Первой моей мыслью было построить электронный мозг по схеме нервной системы насекомого… какого? Ну, хотя бы муравья. Однако я сразу же сообразил, что это просто глупо, что я собираюсь идти путем наименьшего сопротивления. Почему я, конструктор, должен повторять ошибки эволюции? Я снова занялся фундаментальной проблемой: обучением. Учатся ли муравьи? Конечно, да: у них можно выработать условные рефлексы, это общеизвестно. Но я думал о чем-то совершенно ином. Не о тех знаниях, которые они наследуют от своих предков, нет. О том, совершают ли муравьи такие действия, которым их не могли обучить родители и которые они, тем не менее, могут выполнять без всякого обучения! Как вы смотрите на меня… Да, я знаю. Тут мои слова начинают попахивать безумием, да? Мистикой какой-то? Откровение, которое дано было постичь муравьям? Априорное знание о мире? Но это лишь вступление, начало, лишь первые буквы методологии моего сумасшествия. Пойдем дальше. В книгах, в специальной литературе вообще не было ответа на такой вопрос, ибо никто в здравом уме его не ставил и не отважился бы на это. Что делать? Ведь не мог же я стать мирмекологом[21] только для того, чтобы ответить на этот один — предварительный вопрос. Правда, он решал «быть или не быть» всей моей концепции, однако мирмекология — обширная дисциплина, мне пришлось бы опять потратить три-четыре года: я чувствовал, что не могу себе этого позволить. Знаете, что я сделал? Отправился к Шентарлю. Ну как же, имя! Для вас это каменный монумент, но он и тогда, в мои молодые годы, был легендой! Профессор вышел на пенсию, не преподавал уже четыре года и был тяжело болен. Белокровие. Ему продляли жизнь месяц за месяцем, но все равно было ясно, что конец его близок. Я набрался смелости. Позвонил ему… скажу прямо: я бы позвонил, даже если б он уже агонизировал. Такой безжалостной, такой уверенной в себе бывает лишь молодость. Я, совершенно никому неизвестный щенок, попросил его побеседовать со мной. Он велел мне придти, назначил день и час.

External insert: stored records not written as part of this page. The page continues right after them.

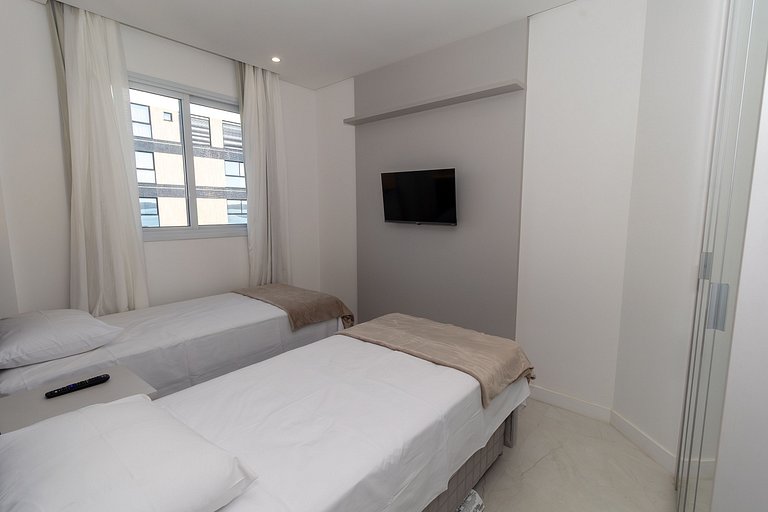 Frente pro mar de Bombas 3 suítes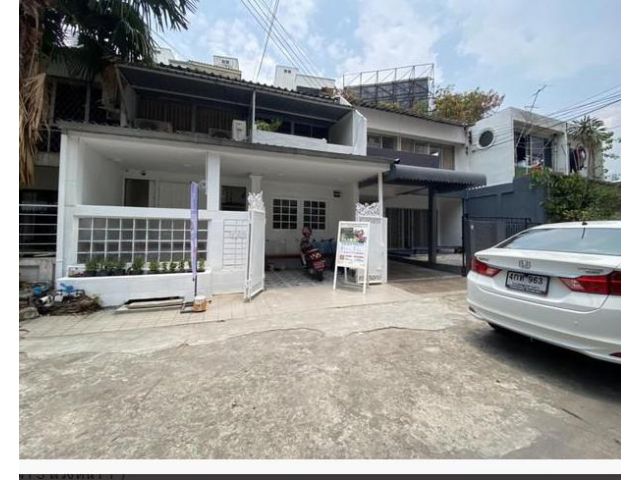 ให้เช่าทาวน์โฮม สุขุมวิท 30 ใกล้ BTS พร้อมพงษ์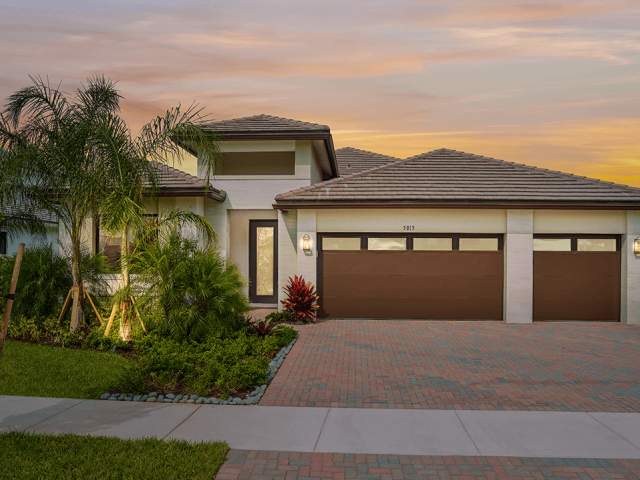 Home for sale at 5700 SW 106th Ave, Cooper City, FL 33328 - photo 2514455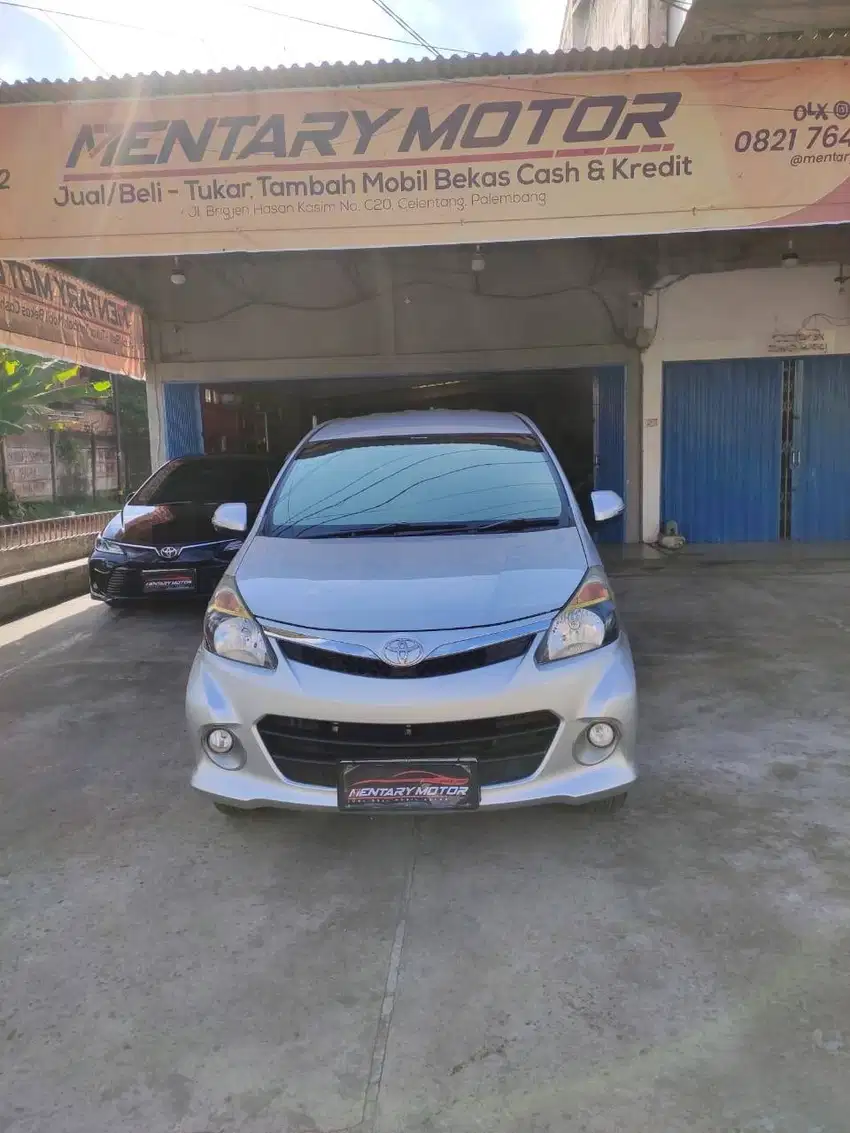 Toyota Veloz Silver Manual 1.5 Luxury Tahun 2014 Bagus Murah Terawat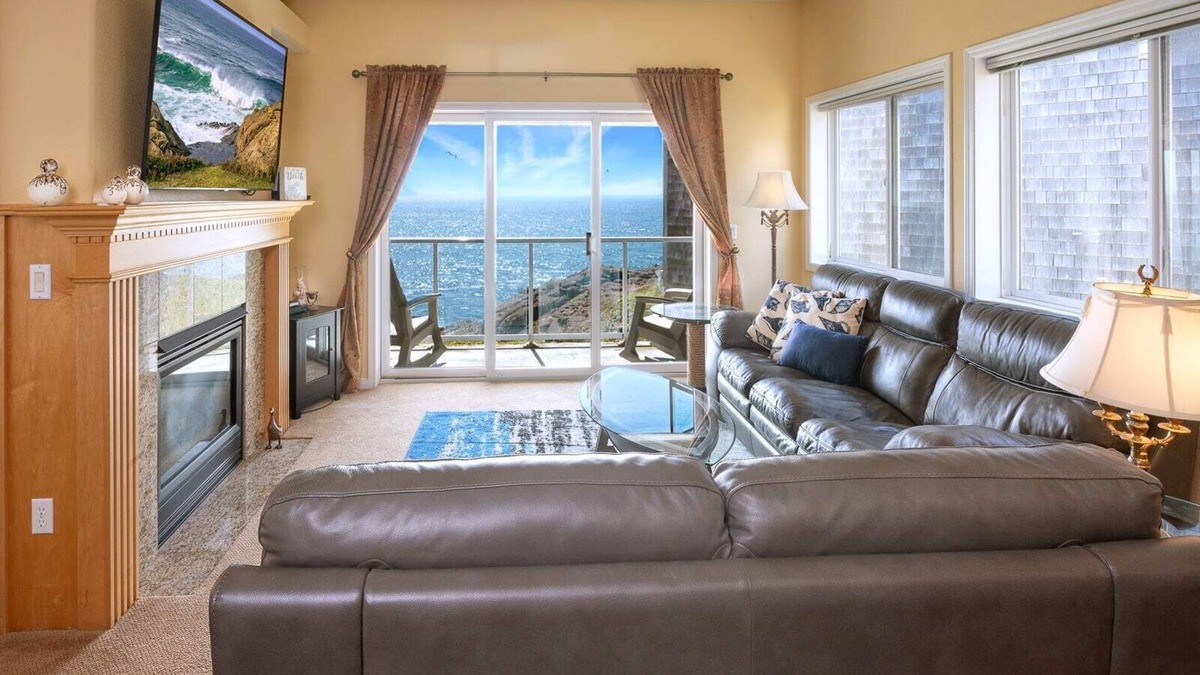 Depoe Bay Condo | Oceanfront, Whale Watching, Pool - Nautical Breeze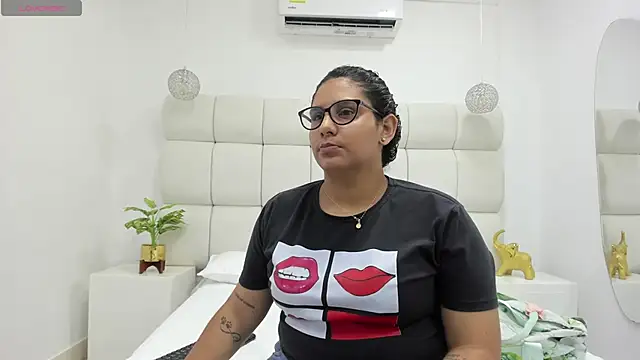 DanielleEvans  online show from September 2025 11:23:02 AM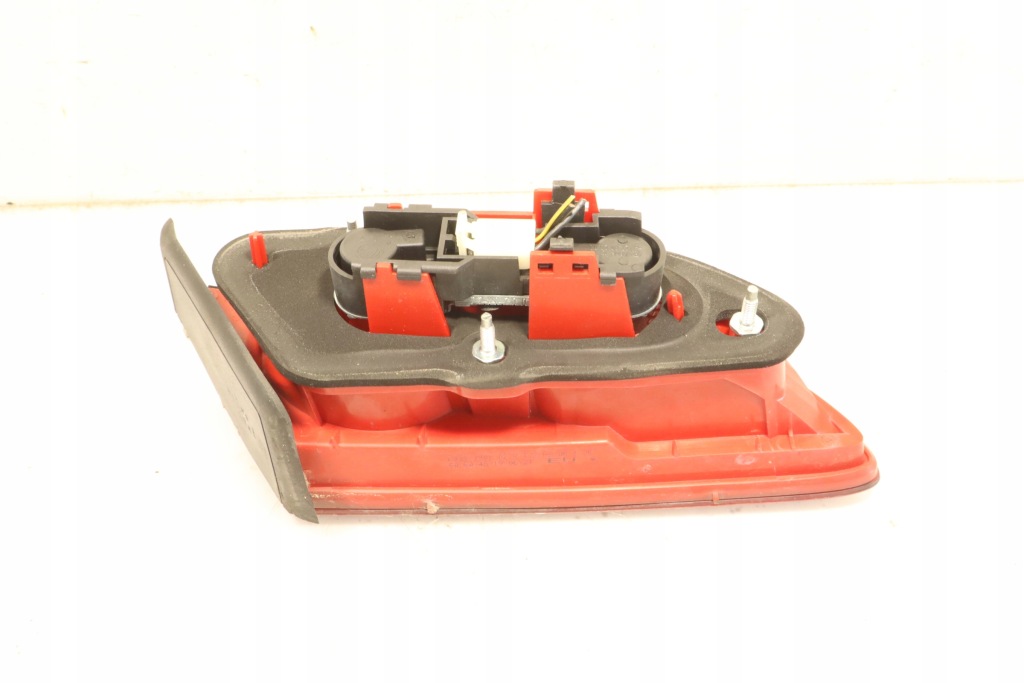 Лампа права задня w кришка багажника alfa romeo 159 sedan в Україні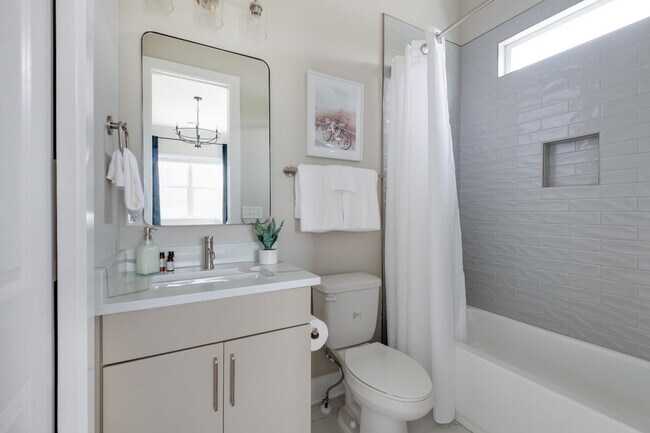 Building Photo - 1405 Napoleon St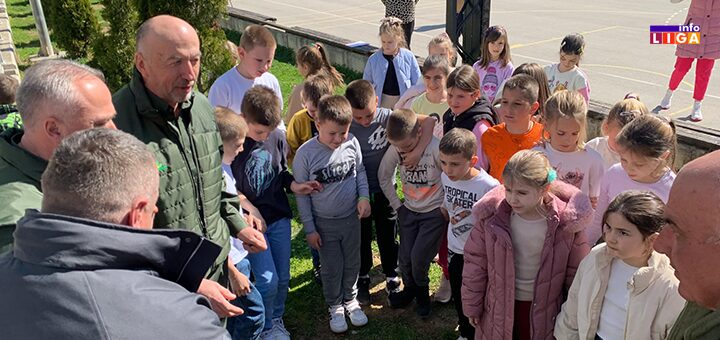 IL-SG-Golija-i-OK-Kirilo-Savic-sadnja-drveca-deca ŠG ''Golija'' obeležilo Svetski dan šuma sadnjom drveća u ivanjičkim školama (VIDEO)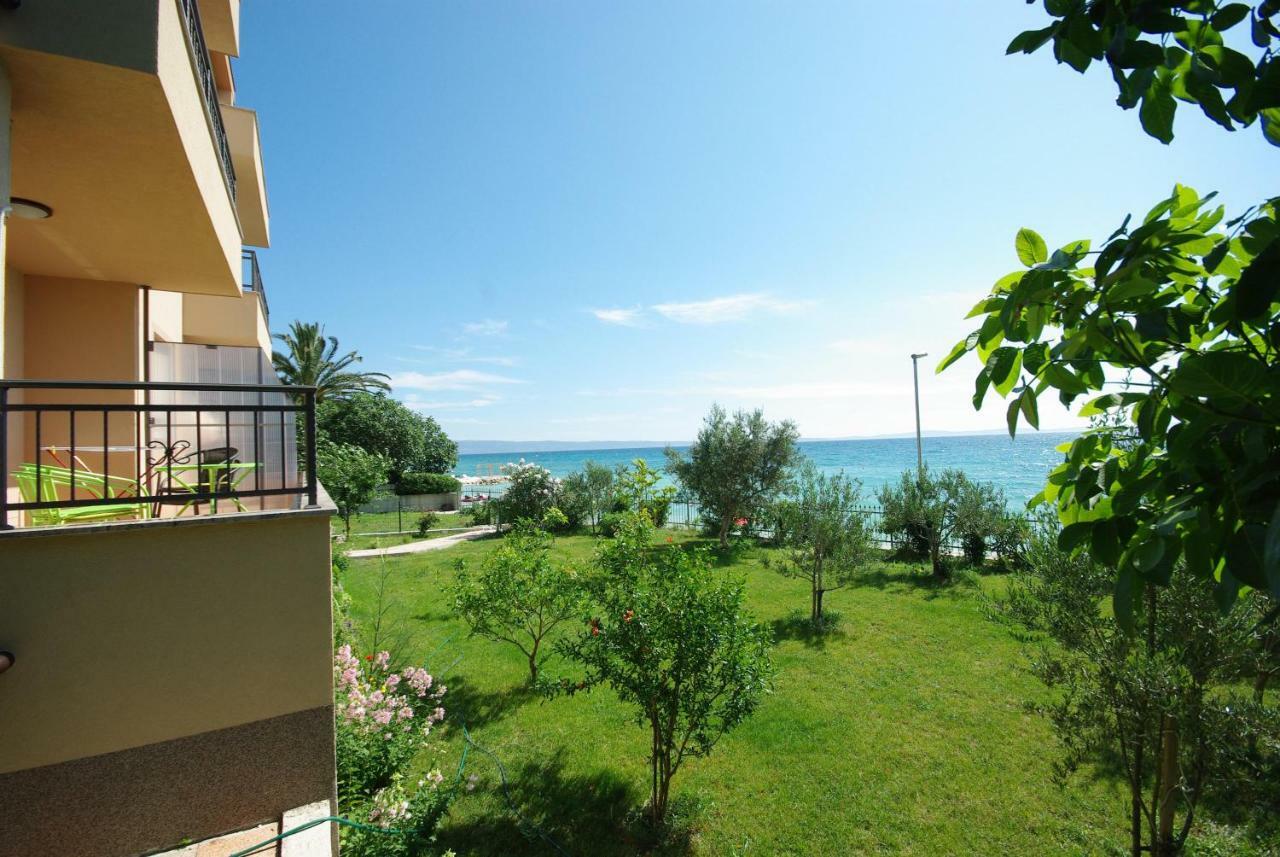 Apartments Cappuccino Подстрана Экстерьер фото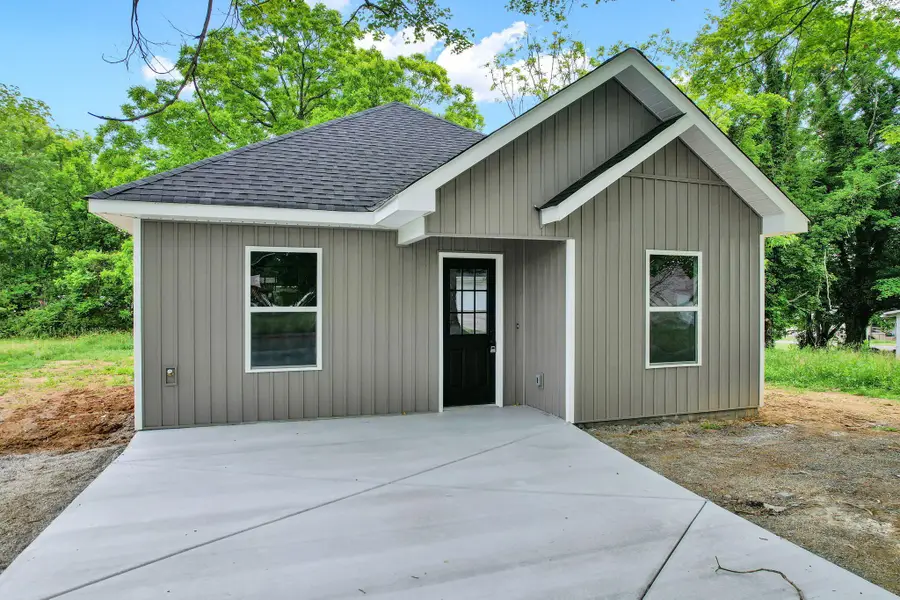 22 Ingleside Avenue, Englewood, TN 37329 - #2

Он лежал в кровати. Кровать эта стояла у шкафов с книгами, и над ней было укреплено особым образом зеркало и механическое приспособление, вроде длинных щипцов, чтоб он мог, не вставая, вытянуть с полок любую книгу, какую захочет. И как только я вошел, поздоровался, и посмотрел на эти тома — я увидел Шеннона, и Мак Кея, и Артура Рубинштейна, того самого, сотрудника Винера, — знаете, я понял, что это тот человек, который мне нужен. Мирмеколог, который знал всю теорию информации, — великолепно, правда?

Он сказал мне без предисловий, что очень слаб и что временами у него гаснет сознание, поэтому он заранее извиняется передо мной, а если потребуется, чтоб я повторил что-нибудь, он даст мне знак. И чтоб я сразу начал с сути дела, так как он не знает, долго ли будет сегодня в сознании.

Ну что же, я выстрелил сразу изо всех моих пушек, мне было двадцать семь лет, вы можете вообразить, как я говорил! Когда в цепи логических рассуждений не хватало звена, его заменяла страстность. Я высказал ему все, что думаю о человеческом мозге, не так, как вам, — уверяю, что я не подбирал слов! О путях паллидума и стриатума, о палеоэнцефалоне, о брюшных узлах насекомых, о птицах и муравьях, пока не подошел к этому злополучному вопросу: знают ли муравьи что-то, чему они не учились, и что, вне всякого сомнения, не завещали им предки? Знает ли он случай, который подтверждал бы это? Видел ли он что-либо подобное за восемьдесят лет своей жизни, за шестьдесят лет научной деятельности? Есть ли, по крайней мере, шанс, хотя бы один из тысячи?

А когда я оборвал речь будто посредине, не отдавая себе отчета в том, что это уже конец моих рассуждений, ибо я не подготовил никакого заключения, совсем не обращая внимания на форму, — то, запыхавшийся, попеременно краснея и бледнея, почувствовал вдруг слабость и — впервые — страх, Шентарль открыл глаза: пока я говорил, они были закрыты. Он сказал:

— Жалею, что мне не тридцать лет.

Я ждал, а он опять закрыл глаза и заговорил лишь спустя некоторое время:

— Лимфатер, вы хотите добросовестного, искреннего ответа, да?

— Да, — сказал я.

— Слыхали вы когда-нибудь об акантис рубра?

— Виллинсониана? — спросил я. — Да, слышал: это красный муравей из бассейна Амазонки…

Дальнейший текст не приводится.